Prosecutors are asking the mayor's office to petition the State Department for a waiver of immunity for the Sudanese diplomat accused of rubbing against a woman on the subway Monday.
Mohammed Aballa Ali Mohammed, 49, was caught rubbing up against a 38-year-old woman on a No. 4 train out of Grand Central at around 10 a.m. Monday, according to authorities. But when officers took him into custody and brought him to the Transit District police station for processing, he presented papers affirming his diplomatic status and was released.
Now prosecutors in the Manhattan district attorney's office are asking the mayor's office to petition for waiver of immunity so that they can pursue charges against him.

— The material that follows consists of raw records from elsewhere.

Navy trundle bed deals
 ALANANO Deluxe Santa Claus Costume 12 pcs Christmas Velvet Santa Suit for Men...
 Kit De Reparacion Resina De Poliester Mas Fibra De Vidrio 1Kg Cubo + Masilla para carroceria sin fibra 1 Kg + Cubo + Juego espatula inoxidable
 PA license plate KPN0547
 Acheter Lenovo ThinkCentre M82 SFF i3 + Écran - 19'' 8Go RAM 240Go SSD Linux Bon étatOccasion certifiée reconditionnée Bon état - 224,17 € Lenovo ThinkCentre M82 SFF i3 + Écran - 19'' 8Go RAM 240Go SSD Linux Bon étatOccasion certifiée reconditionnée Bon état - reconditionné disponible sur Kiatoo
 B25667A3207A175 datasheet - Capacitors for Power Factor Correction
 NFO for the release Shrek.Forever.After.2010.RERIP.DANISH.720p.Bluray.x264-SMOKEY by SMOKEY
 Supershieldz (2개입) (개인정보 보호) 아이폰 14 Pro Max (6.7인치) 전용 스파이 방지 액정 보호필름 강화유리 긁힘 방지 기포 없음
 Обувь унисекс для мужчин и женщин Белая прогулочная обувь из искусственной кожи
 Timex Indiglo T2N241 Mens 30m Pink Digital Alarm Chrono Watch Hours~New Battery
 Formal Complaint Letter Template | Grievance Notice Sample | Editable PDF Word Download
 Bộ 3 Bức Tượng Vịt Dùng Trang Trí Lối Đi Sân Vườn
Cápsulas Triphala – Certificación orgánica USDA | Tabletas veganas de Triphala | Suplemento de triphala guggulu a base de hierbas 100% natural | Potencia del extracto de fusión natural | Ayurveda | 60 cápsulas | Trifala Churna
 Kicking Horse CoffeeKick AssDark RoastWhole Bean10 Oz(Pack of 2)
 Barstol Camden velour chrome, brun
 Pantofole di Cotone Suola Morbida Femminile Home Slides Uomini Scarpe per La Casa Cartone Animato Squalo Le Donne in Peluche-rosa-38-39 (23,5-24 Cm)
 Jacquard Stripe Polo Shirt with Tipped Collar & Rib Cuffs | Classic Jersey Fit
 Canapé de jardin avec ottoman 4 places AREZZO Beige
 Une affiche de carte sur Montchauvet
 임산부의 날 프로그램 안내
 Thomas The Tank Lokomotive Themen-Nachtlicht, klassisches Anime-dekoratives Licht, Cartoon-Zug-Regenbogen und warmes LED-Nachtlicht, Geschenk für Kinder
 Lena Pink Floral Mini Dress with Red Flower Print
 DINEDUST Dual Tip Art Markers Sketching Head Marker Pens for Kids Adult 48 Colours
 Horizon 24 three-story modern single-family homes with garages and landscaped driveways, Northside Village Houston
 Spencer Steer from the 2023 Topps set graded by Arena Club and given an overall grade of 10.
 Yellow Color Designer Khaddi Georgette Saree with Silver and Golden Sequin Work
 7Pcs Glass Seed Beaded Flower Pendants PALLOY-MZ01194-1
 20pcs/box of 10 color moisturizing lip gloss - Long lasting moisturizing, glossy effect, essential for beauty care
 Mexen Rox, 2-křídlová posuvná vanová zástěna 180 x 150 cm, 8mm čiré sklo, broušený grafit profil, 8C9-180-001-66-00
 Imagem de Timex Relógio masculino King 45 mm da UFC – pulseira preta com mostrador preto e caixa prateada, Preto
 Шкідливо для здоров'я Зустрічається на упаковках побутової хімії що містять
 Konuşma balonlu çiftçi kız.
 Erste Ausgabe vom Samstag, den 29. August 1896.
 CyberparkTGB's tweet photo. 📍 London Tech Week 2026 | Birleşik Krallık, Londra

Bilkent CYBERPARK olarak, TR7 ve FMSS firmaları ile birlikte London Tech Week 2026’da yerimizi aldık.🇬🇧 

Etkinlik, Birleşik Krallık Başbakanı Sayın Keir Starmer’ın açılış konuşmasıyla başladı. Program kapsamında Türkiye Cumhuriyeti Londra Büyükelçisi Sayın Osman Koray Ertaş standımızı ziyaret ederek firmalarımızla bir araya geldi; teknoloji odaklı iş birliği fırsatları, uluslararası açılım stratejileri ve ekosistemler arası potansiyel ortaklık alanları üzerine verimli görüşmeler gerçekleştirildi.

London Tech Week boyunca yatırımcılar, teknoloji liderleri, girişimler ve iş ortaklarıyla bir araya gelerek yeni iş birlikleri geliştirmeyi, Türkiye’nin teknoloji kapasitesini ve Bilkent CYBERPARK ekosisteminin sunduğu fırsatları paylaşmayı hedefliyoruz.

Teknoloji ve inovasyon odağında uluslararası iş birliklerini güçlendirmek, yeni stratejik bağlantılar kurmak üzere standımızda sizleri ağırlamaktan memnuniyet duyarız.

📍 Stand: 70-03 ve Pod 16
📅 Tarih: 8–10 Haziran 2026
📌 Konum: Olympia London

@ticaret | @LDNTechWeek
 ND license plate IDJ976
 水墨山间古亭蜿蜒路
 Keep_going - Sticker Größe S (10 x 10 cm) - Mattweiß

In a letter to the Mayor's Office for International Affairs, Nitin Savur writes that "there is reasonable cause to charge Mohammed and sufficient evidence to convict him beyond a reasonable doubt" for forcible touching and third-degree sexual abuse, both misdemeanors.
Savur continued: "I hereby formally request on behalf of the New York County District Attorney's Office that the Office of the Mayor petition the State Department to seek a waiver of immunity to allow prosecution herein."
According to the DA's office, two police officers spotted Mohammed on the subway platform staring at women's buttocks, and then follow one of them onto the no. 4 train.
While on the train, the officers saw him repeatedly rub himself against the back of the woman, who turned around each time to glare at him, according to prosecutors. She was boxed in and couldn't move away from him, while he allegedly had enough room behind him that he didn't need to be pressed up against her.
After he was arrested and taken to the Transit District 4 stationhouse, he presented ID cards from the Department of State and United Nation. After police verified that he was the diplomat to Sudan and that he had diplomatic immunity, the arrest was voided and Mohammed was released, prosecutors said.
The Vienna Convention, an international treaty, protects diplomats from charges while overseas, according to New York attorney Daniel Arshack .
"One of the elements of the convention is that diplomats of a certain level will not be charged with crimes while they are clocked with their diplomatic status in a foreign country," he said.
The Sudanese Mission to the United Nations has not responded to calls or email requests for comment.